Sync: The sounds match the actions perfectly. If a glass breaks, you hear it exactly when it shatters.
Complexity: It handles the messy, multi-sound scenes (like the busy street) much better than any previous AI.

Summary

JavisDiT is a breakthrough because it stops treating video and audio as two separate problems. By using a "GPS-like" system to map out exactly where and when things happen, it creates a unified, realistic experience where the sound and vision feel like they were born together, not stitched together later.

They also gave the AI community a harder test track (JavisBench) and a better ruler (JavisScore) to ensure future inventions are just as good.

1. Problem Statement

The paper addresses the challenge of Joint Audio-Video Generation (JAVG), specifically the task of generating high-quality, synchronized audio and video content simultaneously from a single open-ended text prompt.

Current approaches suffer from two main limitations:

Quality vs. Synchronization Trade-off: Existing methods often rely on cascaded pipelines (generating audio then video, or vice versa), leading to error accumulation and poor synchronization. End-to-end joint models often lack the architectural strength to model fine-grained spatio-temporal alignment, resulting in audio that does not match the visual events (e.g., a dog barking out of sync with its mouth movement).
Evaluation Gaps: Existing benchmarks (e.g., AIST++, Landscape) are limited in diversity, focusing on simple scenarios (like dancing or nature sounds) and lacking complex, multi-event real-world scenarios.
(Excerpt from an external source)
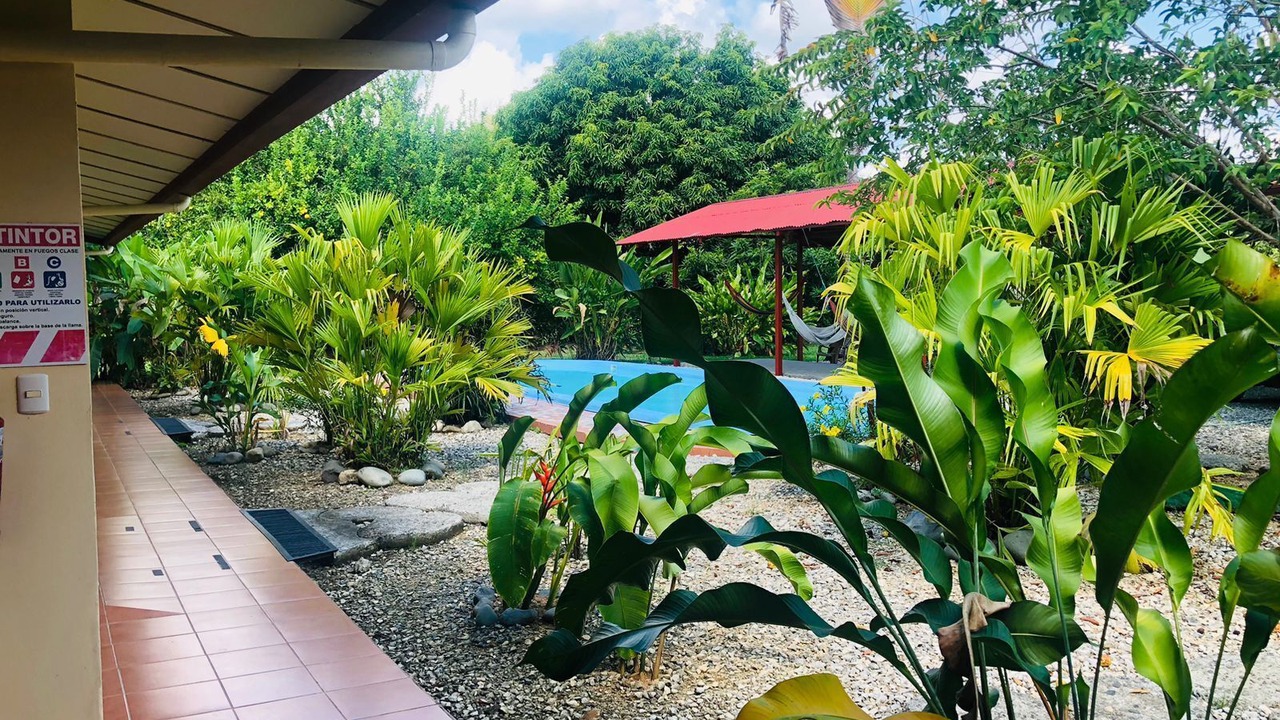 Photo of Outdoor in Sierpe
Furthermore, current metrics (like AV-Align) rely on optical flow and onset detection, which fail in complex scenes with subtle movements or multiple simultaneous sound sources.

2. Methodology: JavisDiT

The authors propose JavisDiT, a novel architecture based on the Diffusion Transformer (DiT) framework, designed to generate synchronized audio-video pairs in a unified manner.

A. Core Architecture

Backbone: Utilizes a shared AV-DiT architecture where audio and video branches share blocks to facilitate information exchange.
Attention Mechanisms:
- Spatio-Temporal Self-Attention (ST-SelfAttn): Processes intra-modal features (video-to-video, audio-to-audio) by sequentially applying attention along spatial and temporal dimensions to reduce computational cost while maintaining fine-grained modeling.
- Coarse-Grained Cross-Attention: Injects global semantic information from the text prompt (via T5 encoder) into both branches.
- Fine-Grained Spatio-Temporal Cross-Attention (ST-CrossAttn): The core innovation. It uses learned Spatio-Temporal Priors to guide the synchronization between specific visual regions and audio frequencies.
- Multi-Modality Bidirectional Cross-Attention (MM-BiCrossAttn): Enables direct interaction between the video and audio latent spaces to enhance fusion.
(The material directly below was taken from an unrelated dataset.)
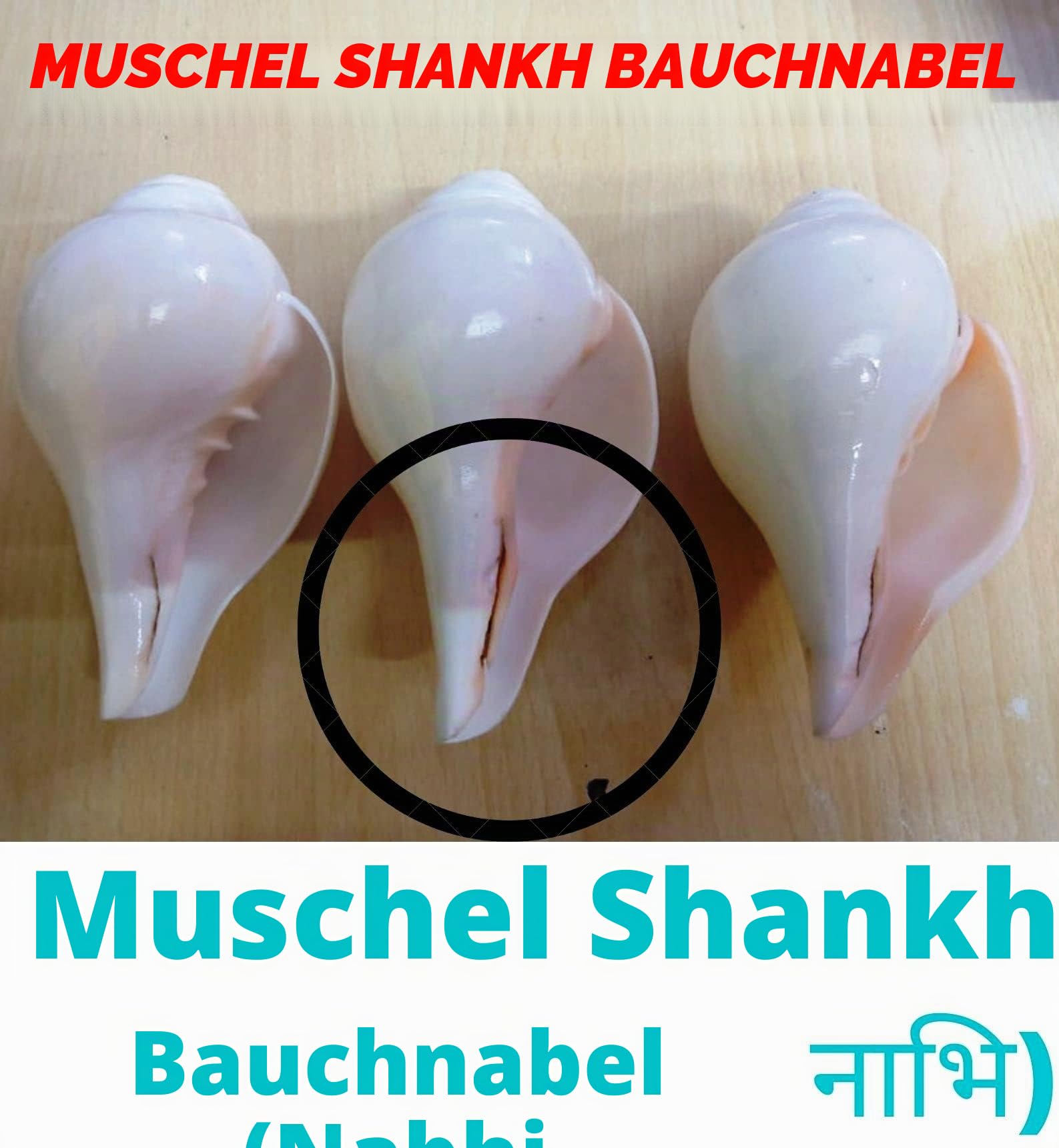 Original Blasender Schaft (VAMAVARTI BAJNEWALA) Schneckenmuschel – lauter und großer Vamavarti blätender Schaft (weiß) ~ Shankha-Muschelschalen – Meeresmuschel für Lungenstärke/Immunität 5" inch weiß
B. Hierarchical Spatial-Temporal Synchronized Prior (HiST-Sypo) Estimator

To achieve precise synchronization, JavisDiT introduces a HiST-Sypo Estimator that extracts two levels of priors from the text prompt:

Global Coarse-Grained Prior: The overall semantic framework of the event (e.g., "a robot fighting a dog").
Fine-Grained Spatio-Temporal Prior: Specific details regarding where (spatial location) and when (temporal onset/duration) events occur.
- Mechanism: Instead of generating explicit text prompts, the estimator outputs latent tokens ( $N_s$ spatial tokens, $N_t$ temporal tokens) sampled from a Gaussian distribution conditioned on the text.
- Training: The estimator is trained using contrastive learning on synchronous video-audio pairs (positive) and synthesized asynchronous pairs (negative). Negative samples are created via augmentation strategies like random masking, temporal shifting, and source addition/removal.

C. Training Strategy

The model employs a three-stage training strategy:

Audio Pretraining: Initializes the audio branch with weights from a video DiT (OpenSora) and trains on 0.8M audio-text pairs to ensure high-quality single-modal generation.
ST-Prior Training: Trains the HiST-Sypo Estimator on 0.6M synchronous triplets and synthesized negative samples to learn robust spatio-temporal alignment.
JAVG Training: Freezes the self-attention blocks and the estimator, training only the cross-attention modules (ST-CrossAttn and Bi-CrossAttn) to learn the joint generation and synchronization.

3. Key Contributions

A. JavisDiT Model

A unified DiT-based model that achieves state-of-the-art synchronization by explicitly modeling fine-grained spatio-temporal priors, moving beyond simple parameter sharing or coarse semantic alignment.

B. JavisBench Benchmark

A new, large-scale benchmark designed to address the limitations of existing datasets:

Scale: 10,140 high-quality, text-captioned sounding videos.
Diversity: Covers 5 dimensions (Event Scenario, Video Style, Sound Type, Spatial Composition, Temporal Composition) and 19 categories.
Complexity: Over 50% of samples feature complex, multi-event scenarios (e.g., simultaneous sounds, off-screen sources, sequential events) found in real-world applications but missing in previous benchmarks.

C. JavisScore Metric

A robust evaluation metric for audio-video synchronization that outperforms existing methods (like AV-Align).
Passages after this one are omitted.